* SOURCE MATERIAL
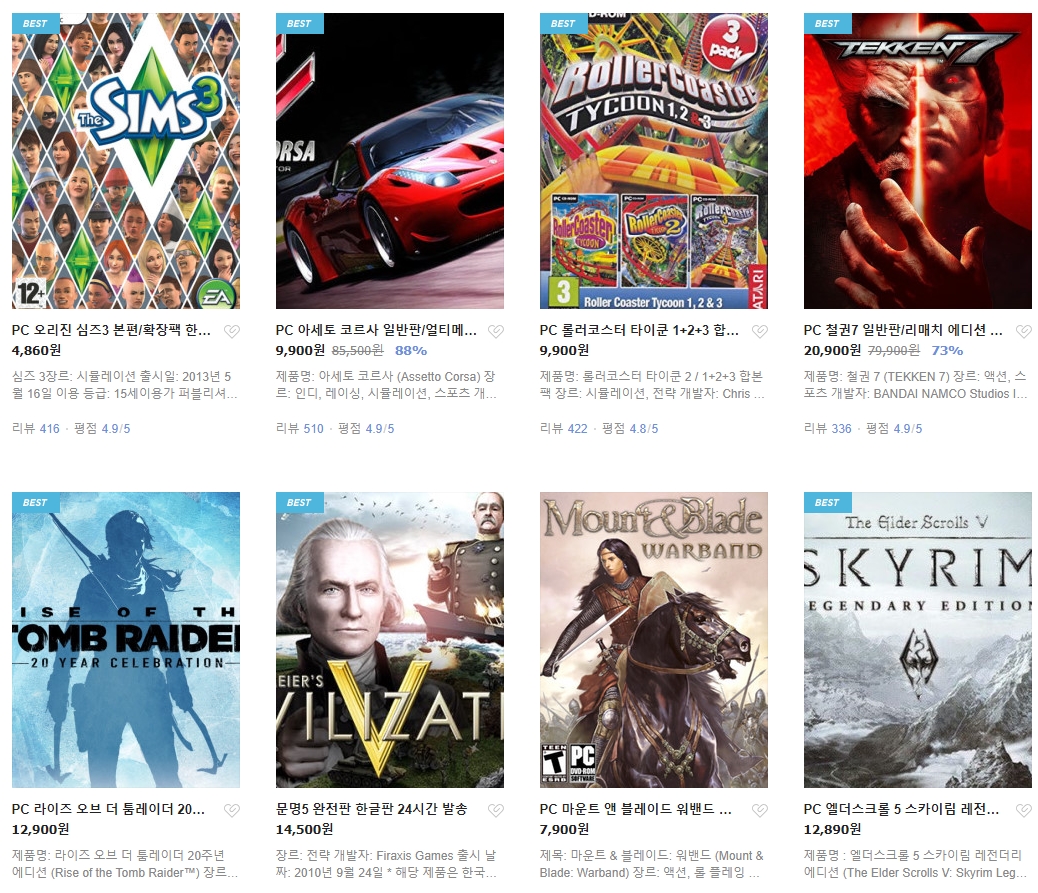 스팀 코드 발송 업체는 싸게파는 이유가 뭔가요? > 스팀/PC게임 | 퀘이사존 QUASARZONE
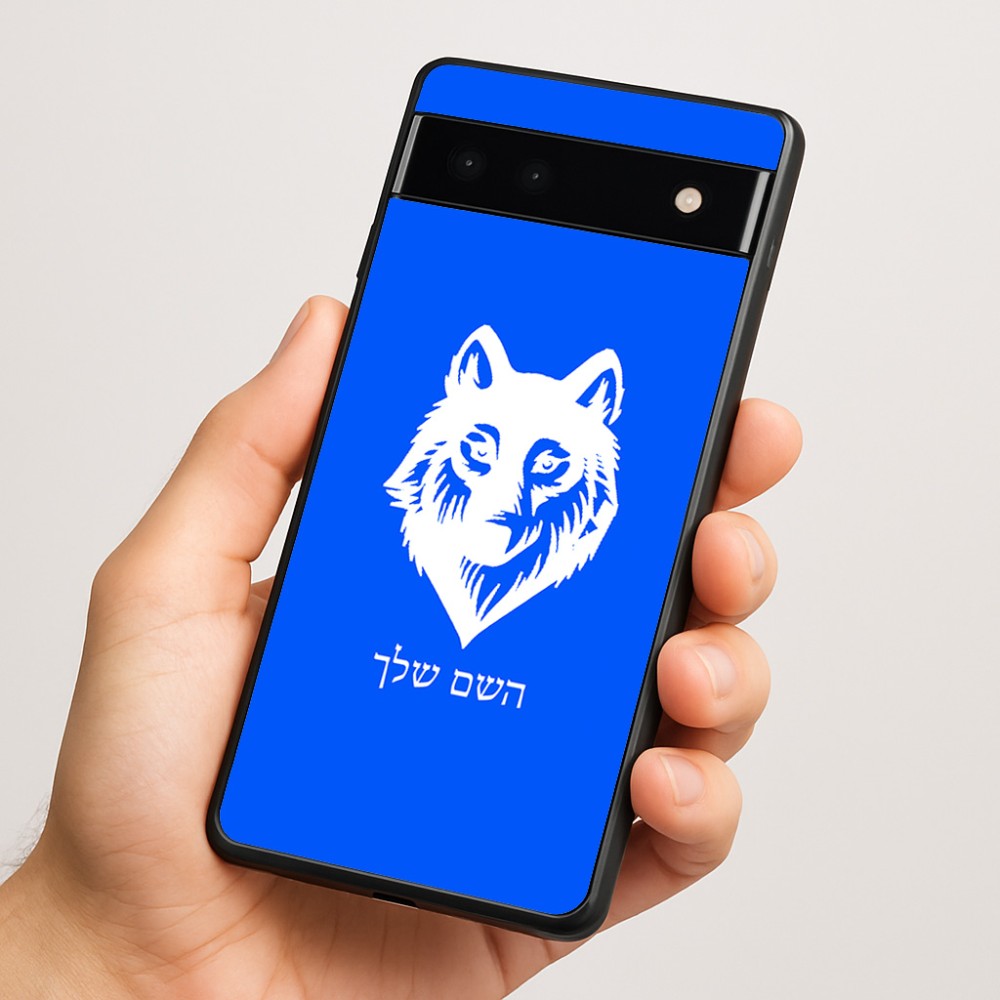 כיסוי בעיצוב אישי עם השם שלך לדגם - Google Pixel 6a 5G בעיצוב זאב
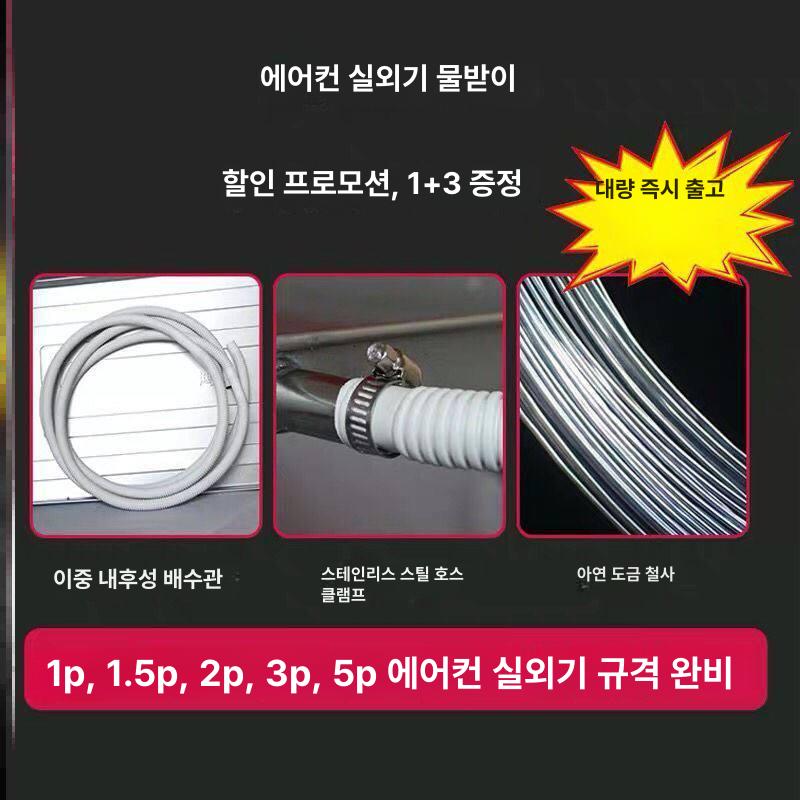 에어컨 실외기 물받침대 프리미엄 선반 스테인리스 물받이 스테인리스스틸 3p 일체형 930x440 - 상세 이미지 4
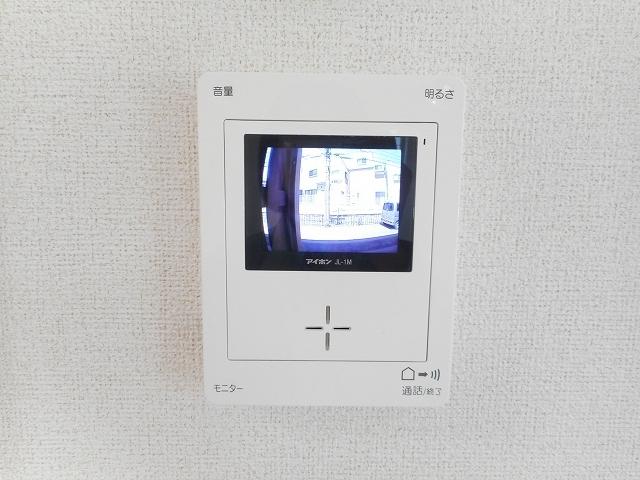 Ｃｏｚｙ　Ｇｒａｎｄｅ（202） その他部屋・スペース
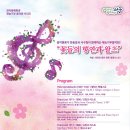 [2015.04.21] 꽃들의 향연과 왈츠, 음악평론가 한동운과 함께하는 재능기부 음악회 시리즈, 대전 클래식 공연 이미지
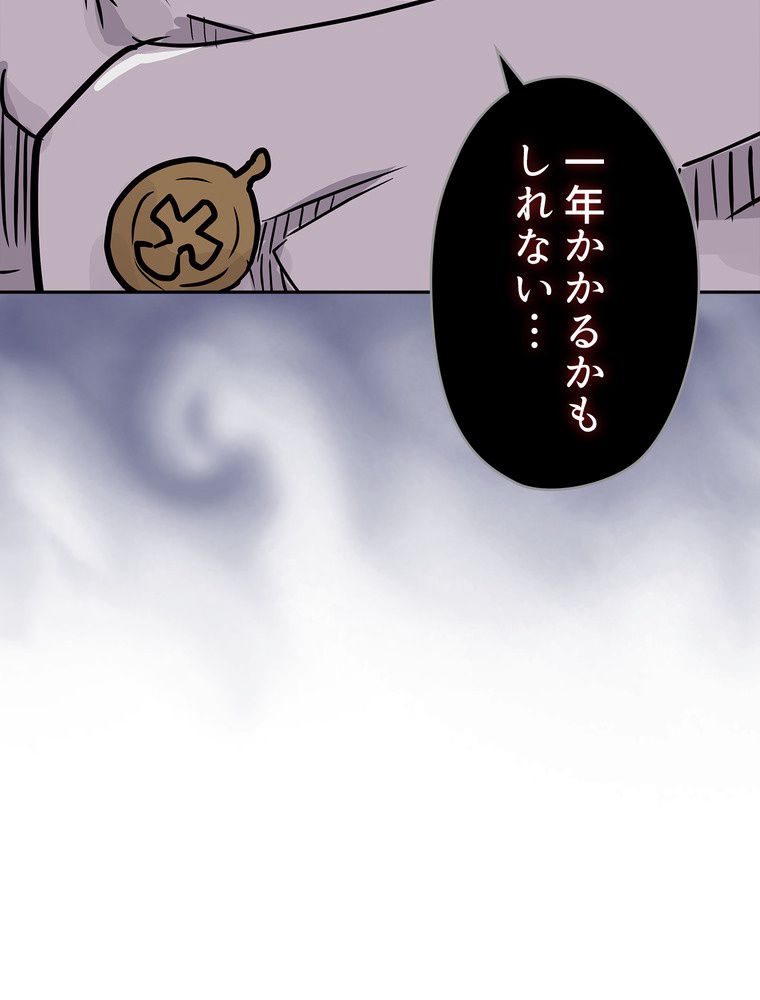 異次元傭兵 - 第137話 - Page 9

* REQUIRED WORK
Nothing but the lines from the one that contains "Ｃｏｚｙ　Ｇｒａｎｄｅ（202） その他部屋・スペース" through the last line of the material should be written out, exactly. Omit pictures.

* RESULT FOR THIS EXERCISE
 Ｃｏｚｙ　Ｇｒａｎｄｅ（202） その他部屋・スペース
 [2015.04.21] 꽃들의 향연과 왈츠, 음악평론가 한동운과 함께하는 재능기부 음악회 시리즈, 대전 클래식 공연 이미지
 異次元傭兵 - 第137話 - Page 9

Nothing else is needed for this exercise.